1. So many of our constitutional freedoms trace back to the trauma of the police-state imposed on Boston in the years before Lexington—and lately, I’ve been thinking again about one quirky story in particular.
2. It’s a children’s story, told and retold for generations, but it captured something essential about this country, so maybe it’s worth telling again?
3. First, the setting. By winter 1774-75, Boston, a city of some 16,000 inhabitants, had been occupied by roughly 4,000 troops, sent there to quell protests and enforce law and order. Predictably, the surge of forces into the city worsened the problems it was intended to solve.
4. Every winter, the schoolboys of Boston constructed a sled-run, the hard-packed snow glazing into ice that sped them down the hill. It ran past the quarters of General Frederick Haldimand. The general’s servant, worried it was slick, dumped hot ashes on it, ruining the sled run
5. Let’s pause on that for a second. In modern terms, an agent of a policing force deemed something a threat to public safety and removed the hazard.

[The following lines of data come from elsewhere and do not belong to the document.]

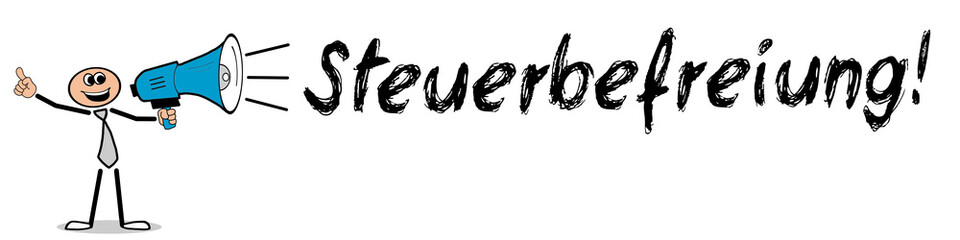 Steuerbefreiung!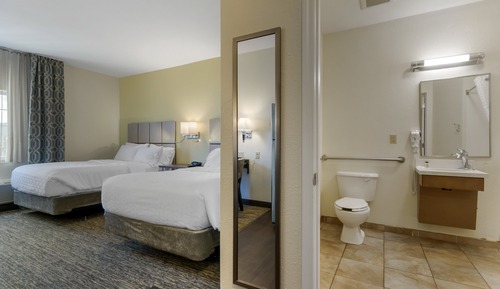 Studio Suite, 2 Double Beds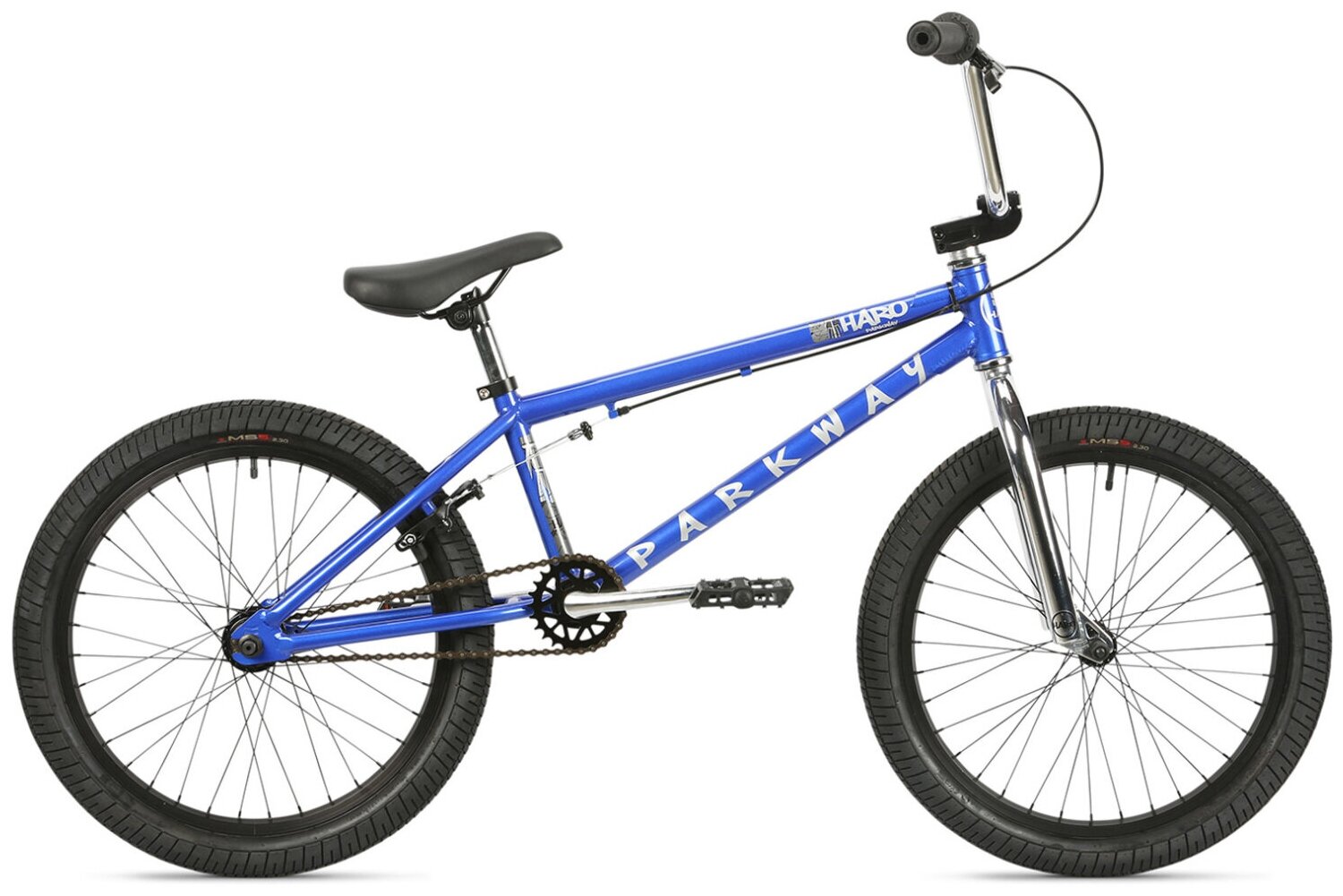 Велосипед BMX Haro Parkway 20" (2022) черный 2022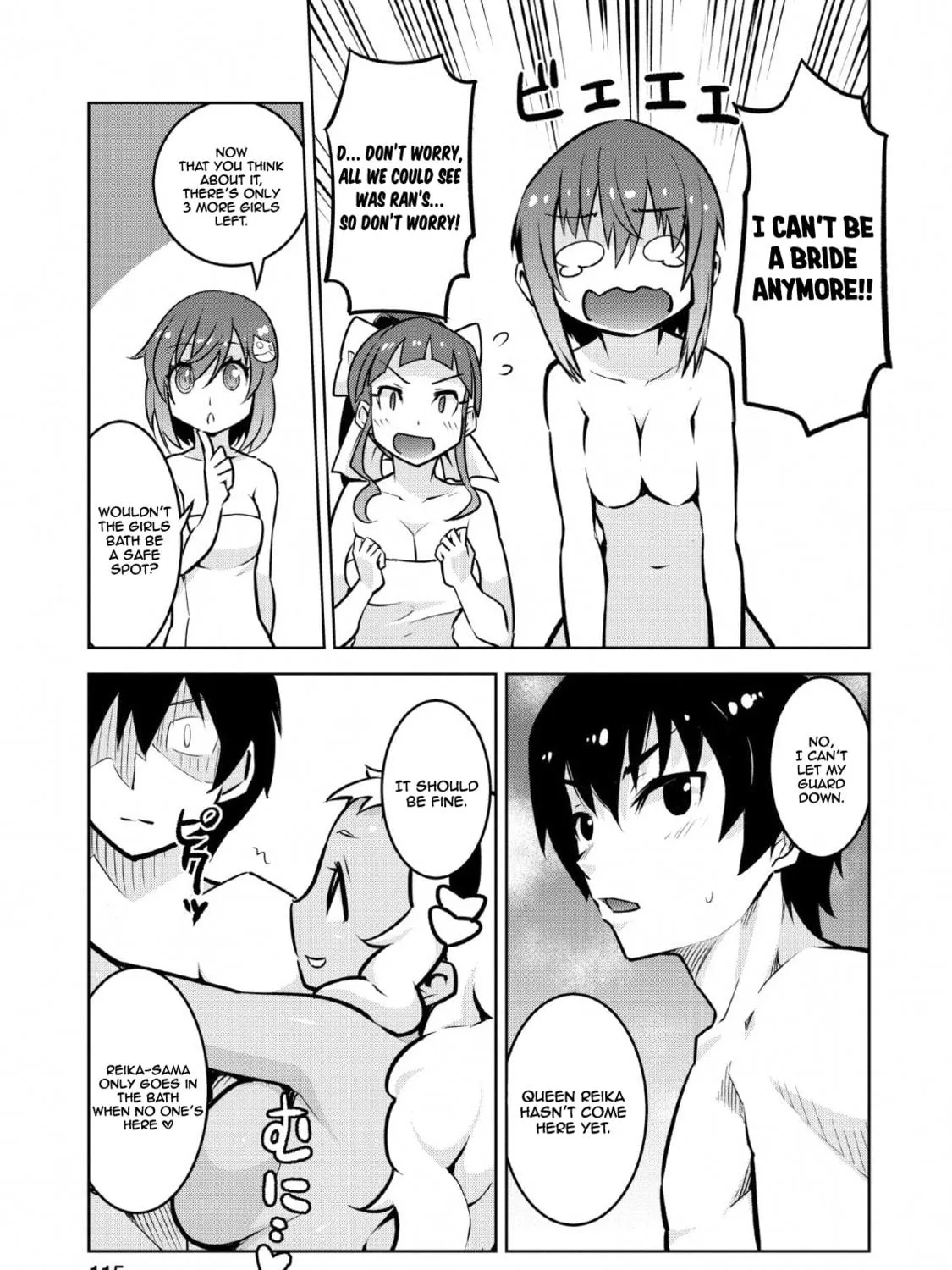 Class Teni de Ore dake Haburaretara, Doukyuu Harem Tsukuru Koto ni Shita Chapter 14 page 58 -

6. The schoolboys did a very American thing: They elected a committee and chose a chair. Then they marched over to the general’s house, knocked on the door, and insisted on their right to speak with him, laying out the offense and demanding the injustice be rectified.
7. The astonished general ordered his servant to fix the sled run—and then told the story, as a source of amusement, to the rest of the British commanders over dinner. They all had a good laugh. Well, almost all. General Gage, the commander, seems to have been less amused.
8. In one account, he responded that “they had only caught the spirit of the times, & that what was bred in the bone would creep out in the flesh.” But it’s another account that sticks with me.
9. He observed, John Andrews reported, that "it was impossible to beat the notion of Liberty out of the people, as it was rooted in ’em from their Childhood.”

I think it remains impossible to beat the notion of liberty out of the people.